All the lines below need retyping exactly, apart from the images.

Start of Records to use

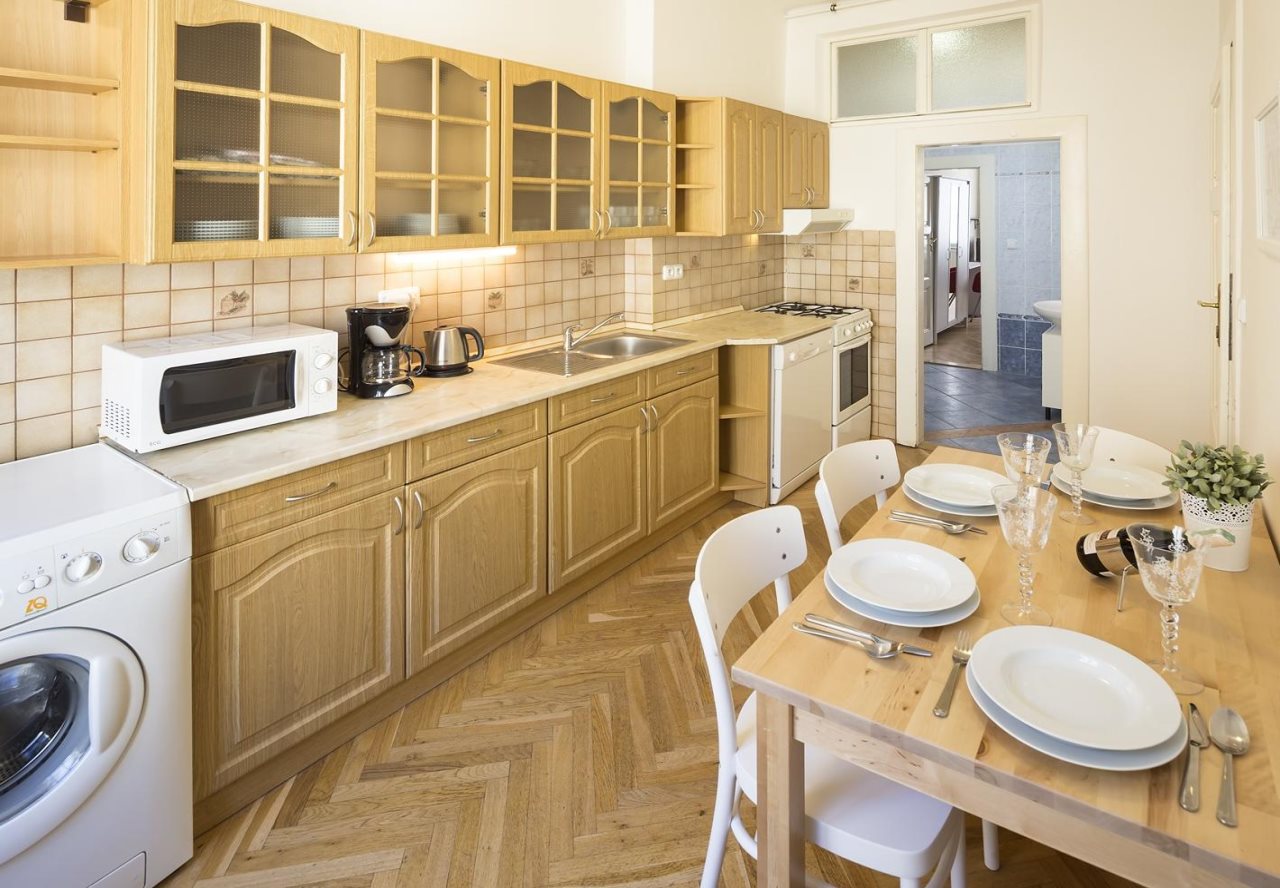 Templova Apartments 9
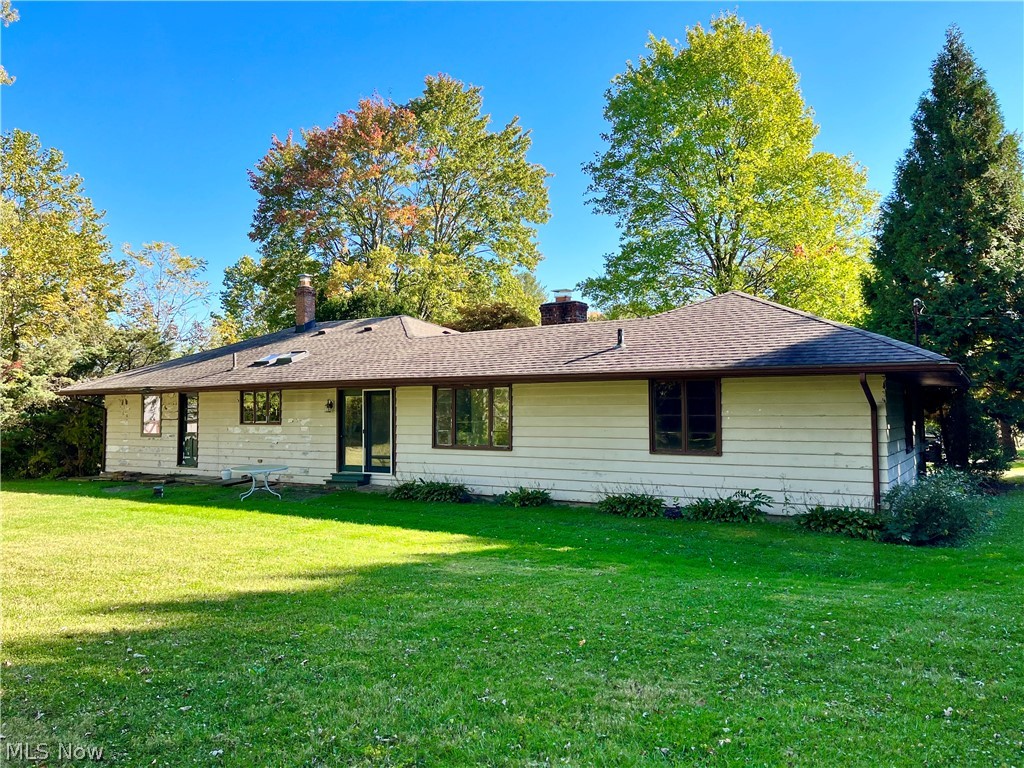2979 Shade Road Akron, OH 44333 - Photo 5 of 29 Back of home
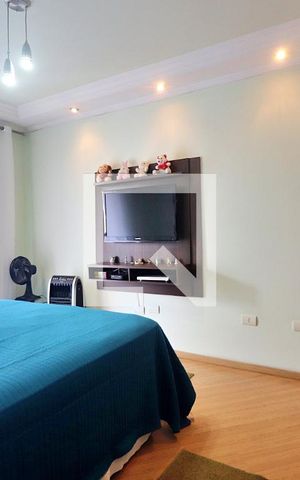 Casa à venda com 292m², 4 quartos e 5 vagasQuarto 2 - Suíte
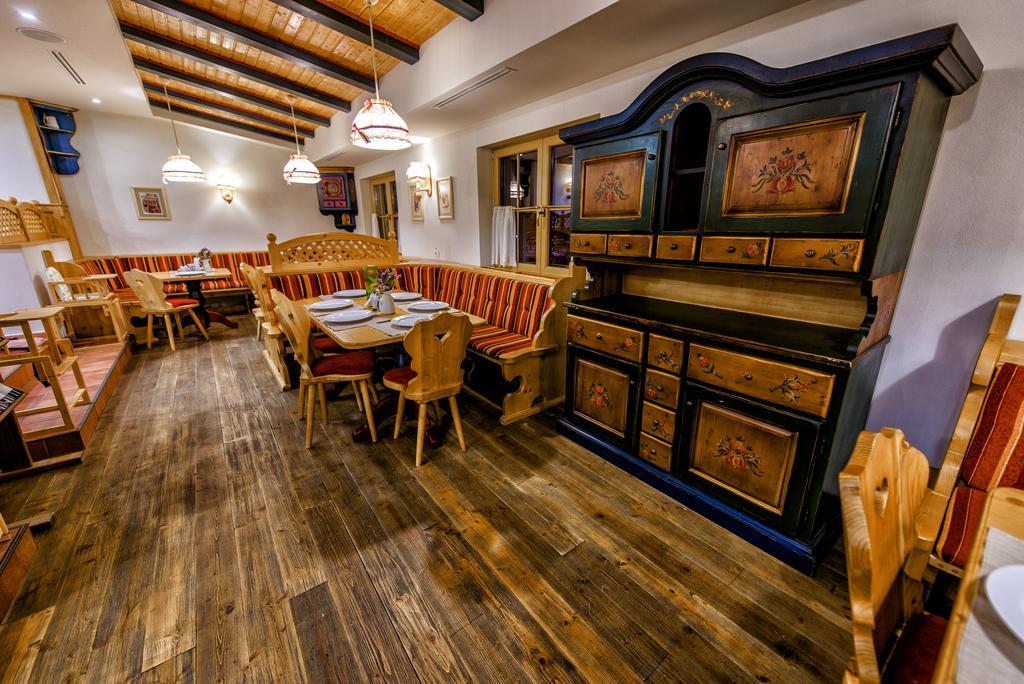 Brandeberg Pension & Restaurant Bran  Exterior photo
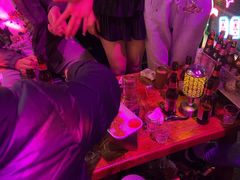 -喜鹊音乐酒馆(西街店)
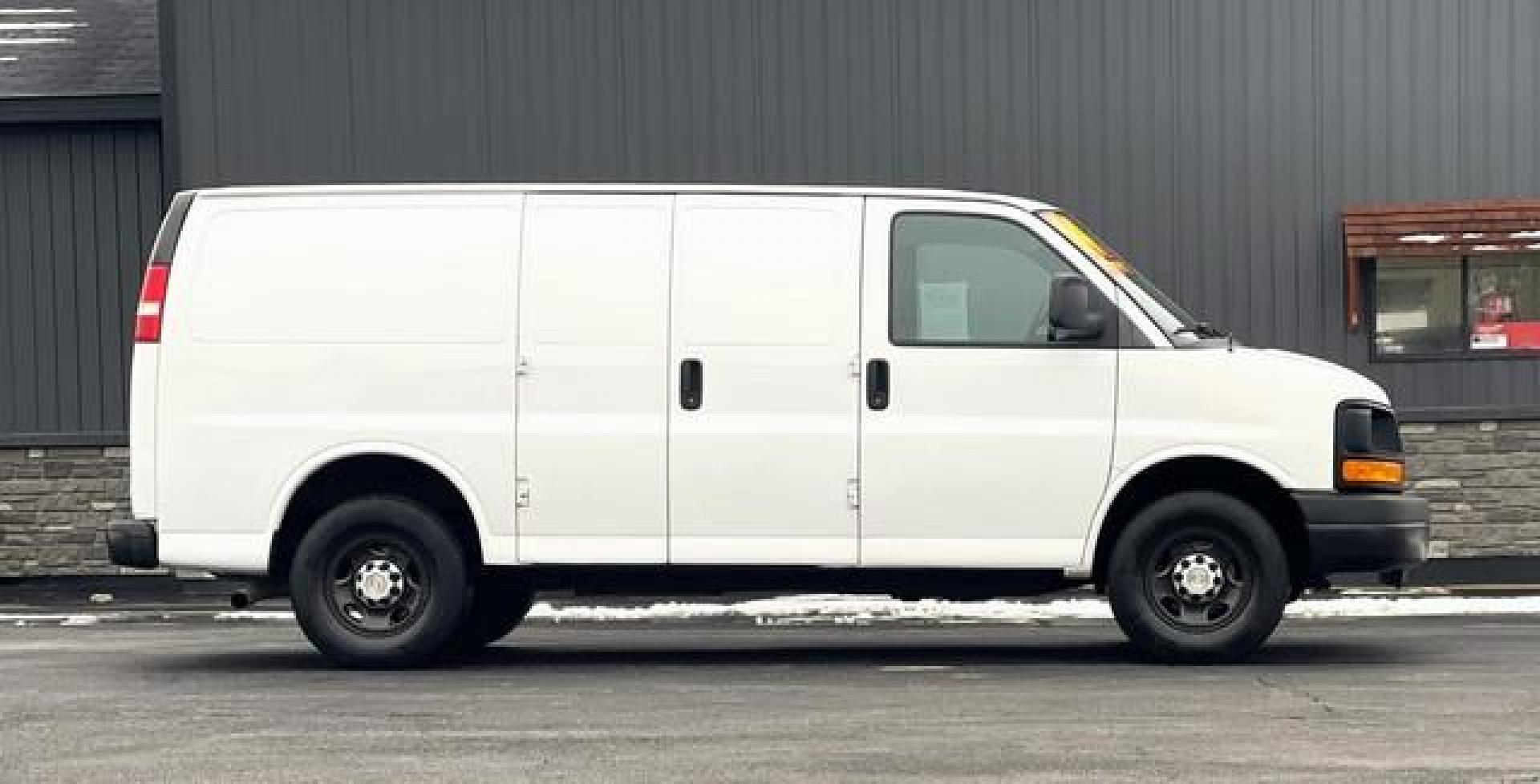 2014 WHITE CHEVROLET EXPRESS 2500 (1GCWGFBA8E1) with an V8,4.8L(294 CID),OHV engine, AUTOMATIC transmission, located at 14600 Frazho Road, Warren, MI, 48089, (586) 776-3400, 42.485996, -82.974220 - Photo#5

End of Records to use

#### Response area:
 Templova Apartments 9
2979 Shade Road Akron, OH 44333 - Photo 5 of 29 Back of home
 Casa à venda com 292m², 4 quartos e 5 vagasQuarto 2 - Suíte
 Brandeberg Pension & Restaurant Bran  Exterior photo
 -喜鹊音乐酒馆(西街店)
 2014 WHITE CHEVROLET EXPRESS 2500 (1GCWGFBA8E1) with an V8,4.8L(294 CID),OHV engine, AUTOMATIC transmission, located at 14600 Frazho Road, Warren, MI, 48089, (586) 776-3400, 42.485996, -82.974220 - Photo#5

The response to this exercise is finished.